The forum took place in the Brian Coyle Center in the Cedar-Riverside area. This area will be part of the wireless pilot project scheduled for April. US Internet, one of two finalists, will build this network. Earthlink, the other finalist, will build a wireless pilot in what’s known as ‘near north.’ Both of the pilot areas have a high percentage of low-income residents and people of color.
According to Bill Beck, Director of Business Development for the City of Minneapolis and one of the key non-elected players in the process, there may be no public access and there probably won’t be any testing from resident’s homes. It sounds like there will also be testing from Community Technology Centers. There will also be some kind of bridging to the U of M wireless network (part of the campus is in the Cedar-Riverside area). Hard to tell what that means. Will I have access since I work for the U.

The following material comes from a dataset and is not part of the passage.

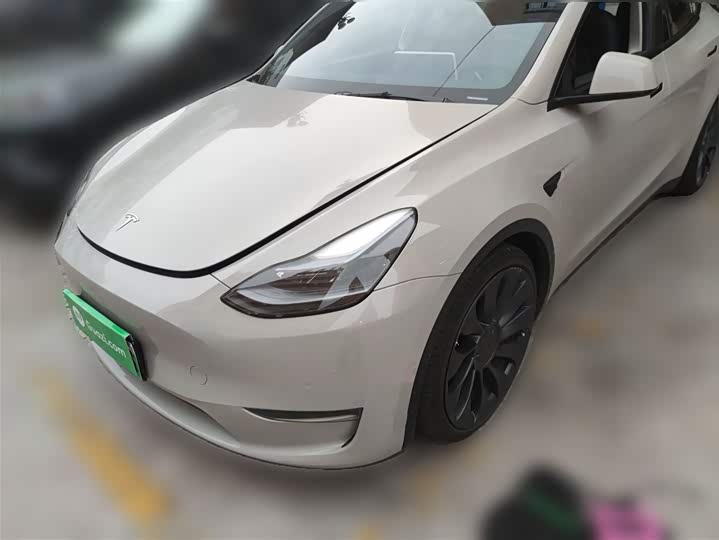 Фото 1 - Tesla Model Y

The pilot project will run for sixty days.
Of course security came up and concerns weren’t answered very well. I’m still not clear as to the level of security that the company will provide. I think network traffic can be encrypted without much hassle over a wireless network but do you need an user name and password? I should know this stuff.
A contract could be in place as early as June (of this year). That seem unlikely.

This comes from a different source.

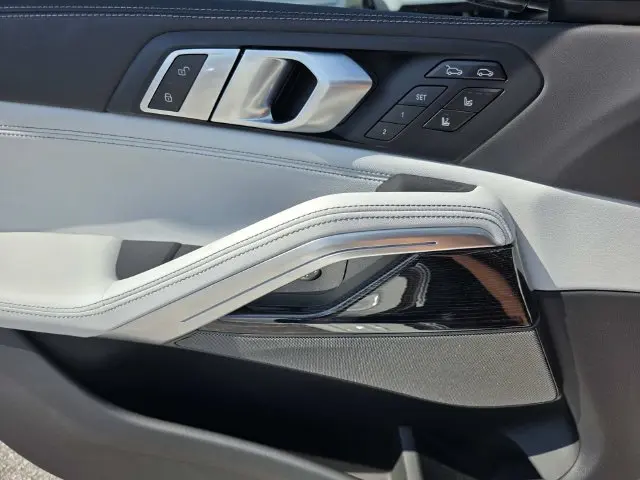 2027 BMW X6 - $79,186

Community Benefits Agreement
This will be an agreement negotiated with the company to provide the City with wonderful benefits. Philadelphia is getting stuff like free hotspots around the city, a money deal to purchase computers and training for kids and low-income, low-cost subscription fees for low-income families, and 1,250 free wireless accounts.
Some other ideas for negotiation that came up at the forum were free wireless service for libraries, schools, parks, and public squares; profit sharing; and a home page on the system featuring the city.
The Alliance for Metropolitan Stability is preparing a draft agreement. As part of this process, they are meeting with community groups. I think they meet with the Longfellow group this Thursday.
The Alliance itself will hold its next meeting on March 16 at 5:30 at 2525 East Franklin Ave. (RSVP if you want pizza.) This is right down the block from me so I will try to make it.
In scouting around the Net with a URL gleaned from the meeting, I found this site for the Digital Access Project which is meeting at the Alliance’s offices and which has drafted a preliminary Community Benefit Agreement. Download it here (pdf). Plus there is a lot of other info on the Minneapolis initiative at their site.
As in lawsuits. There are some indications that Qwest is looking for a way to stop the wireless project here. Someone from the city and at the meeting said: “Qwest has got us in their crosshairs.”
About thirty people attended. There were about ten women. There were no people of color, as far as I can remember which was weird because outside the doors of the meeting, that’s about all there was.
There is hope for a good Community Benefit Agreement and there is some hard work being put towards it. However, gaining access to the process to provide feedback is not easy to do. I mentioned that there needs to be a centralized place on the Net to find this information. Like a feed!
At the moment, the City Council does not seem to be soliciting any feedback from the citizens. Let’s hope that changes. The digi-techy stuff is too new to entrust to a small group that maybe knows best. There’s just too much to read and keep up with. It takes multiple minds to follow the isssues, then think about them and then discuss them.